Je m’attendais à avoir cette question un jour, mais pas forcément maintenant, pas forcément en traversant la route pour rentrer à la maison après une journée de crèche et d’école. J’ai du mal à utiliser l’adjectif « handicapé » pour parler de Judith, c’est encore douloureux. Mais Gabriel et Esther sont encore petits pour percevoir toutes les nuances des mots.
Leurs questions sur l’avenir sont fréquentes : sur leur avenir personnel, sur notre avenir en tant que famille, sur leur avenir en tant que fratrie. Quand ils me demandent quel sera le futur de Judith, ce qu’elle fera comme études, comme métier, où elle habitera, etc., je leur dis la vérité ou plus exactement ce que le peu d’informations dont nous disposons nous laisse entrevoir comme possible vérité.

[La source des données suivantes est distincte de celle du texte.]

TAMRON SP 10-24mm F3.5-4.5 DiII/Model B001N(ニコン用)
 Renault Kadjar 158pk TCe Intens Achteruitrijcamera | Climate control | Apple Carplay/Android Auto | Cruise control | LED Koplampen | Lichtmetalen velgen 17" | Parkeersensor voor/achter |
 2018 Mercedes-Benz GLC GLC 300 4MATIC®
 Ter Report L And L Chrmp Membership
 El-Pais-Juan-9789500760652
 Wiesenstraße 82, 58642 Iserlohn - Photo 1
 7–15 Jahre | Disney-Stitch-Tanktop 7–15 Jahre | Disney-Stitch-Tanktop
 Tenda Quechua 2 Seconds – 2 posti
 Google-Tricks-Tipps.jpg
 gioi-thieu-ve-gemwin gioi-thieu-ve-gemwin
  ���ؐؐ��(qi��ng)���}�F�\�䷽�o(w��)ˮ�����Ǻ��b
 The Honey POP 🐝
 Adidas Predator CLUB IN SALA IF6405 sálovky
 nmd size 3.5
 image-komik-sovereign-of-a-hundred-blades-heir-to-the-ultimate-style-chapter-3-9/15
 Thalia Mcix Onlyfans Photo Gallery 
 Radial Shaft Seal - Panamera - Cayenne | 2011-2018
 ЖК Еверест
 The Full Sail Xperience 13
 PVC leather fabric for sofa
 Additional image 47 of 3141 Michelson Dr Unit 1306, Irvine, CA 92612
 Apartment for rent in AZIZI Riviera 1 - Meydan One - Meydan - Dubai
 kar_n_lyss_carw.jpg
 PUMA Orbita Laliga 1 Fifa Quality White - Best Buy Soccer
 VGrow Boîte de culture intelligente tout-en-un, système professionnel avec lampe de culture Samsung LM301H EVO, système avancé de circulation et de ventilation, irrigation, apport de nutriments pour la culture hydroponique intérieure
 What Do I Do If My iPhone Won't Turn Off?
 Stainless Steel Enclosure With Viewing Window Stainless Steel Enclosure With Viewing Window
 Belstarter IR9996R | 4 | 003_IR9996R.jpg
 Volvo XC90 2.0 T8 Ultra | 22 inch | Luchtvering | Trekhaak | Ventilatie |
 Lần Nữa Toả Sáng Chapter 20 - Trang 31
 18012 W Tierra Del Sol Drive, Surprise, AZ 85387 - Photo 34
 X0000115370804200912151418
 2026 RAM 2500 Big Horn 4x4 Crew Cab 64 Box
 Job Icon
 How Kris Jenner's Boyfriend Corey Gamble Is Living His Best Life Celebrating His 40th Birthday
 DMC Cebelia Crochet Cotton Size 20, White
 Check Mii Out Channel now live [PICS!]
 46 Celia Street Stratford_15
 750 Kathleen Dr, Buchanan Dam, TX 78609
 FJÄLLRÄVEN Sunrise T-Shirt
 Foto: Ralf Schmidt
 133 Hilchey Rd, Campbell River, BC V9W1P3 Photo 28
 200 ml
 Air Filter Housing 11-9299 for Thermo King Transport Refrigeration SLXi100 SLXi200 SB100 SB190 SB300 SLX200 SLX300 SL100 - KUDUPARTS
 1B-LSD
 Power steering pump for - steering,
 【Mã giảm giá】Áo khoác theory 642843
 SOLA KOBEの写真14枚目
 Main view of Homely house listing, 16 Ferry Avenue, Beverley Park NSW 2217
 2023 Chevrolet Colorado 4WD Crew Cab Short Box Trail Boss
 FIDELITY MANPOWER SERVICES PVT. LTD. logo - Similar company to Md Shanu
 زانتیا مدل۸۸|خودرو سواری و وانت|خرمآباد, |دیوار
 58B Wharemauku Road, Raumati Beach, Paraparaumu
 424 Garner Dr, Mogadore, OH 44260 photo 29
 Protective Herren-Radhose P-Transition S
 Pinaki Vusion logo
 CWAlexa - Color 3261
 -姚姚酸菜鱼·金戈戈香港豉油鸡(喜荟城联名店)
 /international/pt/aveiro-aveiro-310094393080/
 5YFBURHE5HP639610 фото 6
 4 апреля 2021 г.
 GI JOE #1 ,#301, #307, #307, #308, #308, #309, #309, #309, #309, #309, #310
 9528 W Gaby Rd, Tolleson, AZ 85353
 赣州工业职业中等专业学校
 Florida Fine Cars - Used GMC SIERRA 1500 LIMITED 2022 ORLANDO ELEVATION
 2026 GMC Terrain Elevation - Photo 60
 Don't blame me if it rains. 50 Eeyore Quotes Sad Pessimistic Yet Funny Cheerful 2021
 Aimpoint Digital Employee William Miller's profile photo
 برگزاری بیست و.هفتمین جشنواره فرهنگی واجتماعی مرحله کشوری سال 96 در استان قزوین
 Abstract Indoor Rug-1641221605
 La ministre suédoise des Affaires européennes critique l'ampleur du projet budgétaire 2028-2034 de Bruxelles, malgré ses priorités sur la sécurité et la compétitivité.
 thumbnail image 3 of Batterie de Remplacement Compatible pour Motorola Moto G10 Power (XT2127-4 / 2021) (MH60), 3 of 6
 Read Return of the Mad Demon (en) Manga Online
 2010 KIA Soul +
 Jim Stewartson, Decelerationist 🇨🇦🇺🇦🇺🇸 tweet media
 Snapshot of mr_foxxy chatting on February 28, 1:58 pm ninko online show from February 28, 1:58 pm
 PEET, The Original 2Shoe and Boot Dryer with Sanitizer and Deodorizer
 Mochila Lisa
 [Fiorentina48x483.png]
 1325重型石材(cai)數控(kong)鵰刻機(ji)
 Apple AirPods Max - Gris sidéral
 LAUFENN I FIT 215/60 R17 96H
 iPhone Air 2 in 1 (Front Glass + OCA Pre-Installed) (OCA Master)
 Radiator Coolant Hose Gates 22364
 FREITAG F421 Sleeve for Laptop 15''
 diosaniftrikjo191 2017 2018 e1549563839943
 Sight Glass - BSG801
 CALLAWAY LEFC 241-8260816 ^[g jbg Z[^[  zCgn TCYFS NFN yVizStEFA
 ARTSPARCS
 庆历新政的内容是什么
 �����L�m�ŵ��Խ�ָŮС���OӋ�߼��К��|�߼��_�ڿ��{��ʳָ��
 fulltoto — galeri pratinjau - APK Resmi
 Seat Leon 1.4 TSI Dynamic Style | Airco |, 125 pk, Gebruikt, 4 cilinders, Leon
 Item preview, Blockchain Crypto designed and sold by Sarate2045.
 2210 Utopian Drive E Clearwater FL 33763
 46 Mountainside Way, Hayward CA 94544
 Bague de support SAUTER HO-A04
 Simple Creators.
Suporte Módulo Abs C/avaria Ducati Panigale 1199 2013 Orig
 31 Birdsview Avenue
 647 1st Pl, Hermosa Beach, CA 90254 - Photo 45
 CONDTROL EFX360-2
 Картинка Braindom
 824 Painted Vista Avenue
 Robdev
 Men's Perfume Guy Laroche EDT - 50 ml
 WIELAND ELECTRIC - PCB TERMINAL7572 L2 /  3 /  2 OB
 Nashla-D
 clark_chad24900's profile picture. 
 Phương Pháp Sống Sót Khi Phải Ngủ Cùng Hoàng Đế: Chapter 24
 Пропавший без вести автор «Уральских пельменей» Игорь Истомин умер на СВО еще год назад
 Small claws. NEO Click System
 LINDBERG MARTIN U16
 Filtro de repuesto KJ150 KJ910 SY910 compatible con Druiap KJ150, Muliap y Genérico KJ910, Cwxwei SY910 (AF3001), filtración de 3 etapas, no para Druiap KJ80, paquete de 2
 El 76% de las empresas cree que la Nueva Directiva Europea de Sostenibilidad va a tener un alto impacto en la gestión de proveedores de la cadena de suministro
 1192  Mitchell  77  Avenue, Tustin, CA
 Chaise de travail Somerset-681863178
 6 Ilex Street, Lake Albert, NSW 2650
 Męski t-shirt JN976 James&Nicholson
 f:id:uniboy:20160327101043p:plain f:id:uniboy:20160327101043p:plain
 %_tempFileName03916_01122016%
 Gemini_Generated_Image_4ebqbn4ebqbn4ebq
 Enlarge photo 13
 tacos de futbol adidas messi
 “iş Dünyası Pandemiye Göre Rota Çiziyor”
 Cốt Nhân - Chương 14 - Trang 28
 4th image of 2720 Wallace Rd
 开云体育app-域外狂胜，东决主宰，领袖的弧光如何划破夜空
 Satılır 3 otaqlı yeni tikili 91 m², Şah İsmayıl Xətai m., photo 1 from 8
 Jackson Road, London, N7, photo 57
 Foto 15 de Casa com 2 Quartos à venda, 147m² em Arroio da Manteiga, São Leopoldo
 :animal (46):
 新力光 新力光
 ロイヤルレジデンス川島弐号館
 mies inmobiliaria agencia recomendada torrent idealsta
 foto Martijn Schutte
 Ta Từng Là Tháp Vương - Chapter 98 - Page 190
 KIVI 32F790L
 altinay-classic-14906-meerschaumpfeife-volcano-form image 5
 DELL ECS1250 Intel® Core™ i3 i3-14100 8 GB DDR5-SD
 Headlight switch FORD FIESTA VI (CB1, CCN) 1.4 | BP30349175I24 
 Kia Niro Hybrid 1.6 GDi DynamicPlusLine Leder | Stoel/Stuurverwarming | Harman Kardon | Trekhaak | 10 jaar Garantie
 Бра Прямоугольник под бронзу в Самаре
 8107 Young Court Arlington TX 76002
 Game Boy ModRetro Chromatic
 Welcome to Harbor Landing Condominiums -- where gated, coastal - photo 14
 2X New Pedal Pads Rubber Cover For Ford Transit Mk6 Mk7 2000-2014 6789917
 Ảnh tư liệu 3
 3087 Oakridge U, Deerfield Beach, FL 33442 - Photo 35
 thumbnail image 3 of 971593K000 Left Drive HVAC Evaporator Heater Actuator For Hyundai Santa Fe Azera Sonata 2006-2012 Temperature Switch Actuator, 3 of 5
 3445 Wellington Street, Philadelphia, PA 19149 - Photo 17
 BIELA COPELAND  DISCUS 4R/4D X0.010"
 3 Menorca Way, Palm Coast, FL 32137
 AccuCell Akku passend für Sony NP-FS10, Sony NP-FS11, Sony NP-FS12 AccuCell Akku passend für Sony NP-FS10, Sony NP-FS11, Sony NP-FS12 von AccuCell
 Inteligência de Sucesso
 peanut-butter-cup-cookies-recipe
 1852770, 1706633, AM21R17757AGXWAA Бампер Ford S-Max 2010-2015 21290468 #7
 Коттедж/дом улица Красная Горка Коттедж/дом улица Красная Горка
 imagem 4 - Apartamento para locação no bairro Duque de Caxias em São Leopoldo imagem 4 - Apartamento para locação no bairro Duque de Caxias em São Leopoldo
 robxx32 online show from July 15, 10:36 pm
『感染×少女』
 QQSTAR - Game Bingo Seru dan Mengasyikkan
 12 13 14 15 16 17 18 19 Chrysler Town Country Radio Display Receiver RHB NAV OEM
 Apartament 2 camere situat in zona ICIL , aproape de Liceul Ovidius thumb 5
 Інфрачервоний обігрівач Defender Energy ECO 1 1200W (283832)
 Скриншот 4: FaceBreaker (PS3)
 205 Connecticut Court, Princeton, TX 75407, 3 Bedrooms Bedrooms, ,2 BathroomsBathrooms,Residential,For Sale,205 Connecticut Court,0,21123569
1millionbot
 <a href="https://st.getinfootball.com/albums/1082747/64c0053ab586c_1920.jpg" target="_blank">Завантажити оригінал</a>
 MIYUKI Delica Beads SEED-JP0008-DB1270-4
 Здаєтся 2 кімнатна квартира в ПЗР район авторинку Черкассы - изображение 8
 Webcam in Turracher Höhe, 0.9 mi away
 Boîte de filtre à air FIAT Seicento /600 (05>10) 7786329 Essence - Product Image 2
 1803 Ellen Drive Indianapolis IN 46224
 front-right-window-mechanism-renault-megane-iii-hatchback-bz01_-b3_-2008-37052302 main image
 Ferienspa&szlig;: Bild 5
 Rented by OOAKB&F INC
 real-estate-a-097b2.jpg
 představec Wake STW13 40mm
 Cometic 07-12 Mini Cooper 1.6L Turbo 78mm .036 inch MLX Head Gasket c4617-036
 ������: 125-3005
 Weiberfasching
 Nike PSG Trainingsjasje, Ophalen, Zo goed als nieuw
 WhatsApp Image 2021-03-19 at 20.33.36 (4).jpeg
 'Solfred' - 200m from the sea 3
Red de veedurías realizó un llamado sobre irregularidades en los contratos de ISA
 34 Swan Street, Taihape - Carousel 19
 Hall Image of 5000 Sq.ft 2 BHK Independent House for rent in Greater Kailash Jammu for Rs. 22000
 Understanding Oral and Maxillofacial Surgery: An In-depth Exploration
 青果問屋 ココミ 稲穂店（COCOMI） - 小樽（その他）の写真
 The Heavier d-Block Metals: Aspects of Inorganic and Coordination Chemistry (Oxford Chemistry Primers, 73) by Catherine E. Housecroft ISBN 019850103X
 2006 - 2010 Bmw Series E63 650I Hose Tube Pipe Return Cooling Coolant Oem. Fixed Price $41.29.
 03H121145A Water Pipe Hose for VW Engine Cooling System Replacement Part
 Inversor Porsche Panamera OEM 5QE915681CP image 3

Gabriel m’a ainsi demandé où vivrait Judith quand elle sera adulte. Avec nous ? Dans un appart avec un soutien ? Toute seule ?
– Avec vous ? Mais si elle est adulte, elle trouvera ça un peu nul de continuer de vivre avec son papa et sa maman comme si elle était une enfant. Tu sais maman, quand nous serons adultes tous les trois. Je prendrai une grande maison avec Esther, il y aura aussi mon amoureuse et l’amoureux d’Esther et on habitera tous ensemble avec Judith et l’amoureux de Judith. On sera cinq adultes pour faire attention et aider Judith et papa et toi, vous pourrez vous reposer un peu.
Mon grand garçon de huit ans se projette déjà dans sa vie d’adulte et il s’y projette avec Esther, en prenant forcément soin de Judith. Il s’interroge beaucoup sur le futur de Judith et réfléchit à des métiers qui pourraient lui plaire, comme « répareuse » de motos car elle adore les grosses motos et qu’on n’a pas besoin de parler pour réparer une pièce cassée.
Esther, elle, s’est trouvée une vocation professionnelle. Elle avait deux ans à la naissance de sa petite sœur et a vécu intensément les hospitalisations, les rendez-vous médicaux et ceux des thérapies. Elle a parfois dû ou voulu venir aussi, surtout aux séances chez la kiné. Depuis trois ans et demi, elle veut devenir médecin.
– Tu sais, maman, quand je serai adulte, je serai médecin mais je ne veux plus être le médecin dans l’hélicoptère. Je veux être le médecin qui cherche les maladies comme celle de Judith, qui explique aux parents ce qui se passe et qui cherche un médicament pour que l’enfant aille bien.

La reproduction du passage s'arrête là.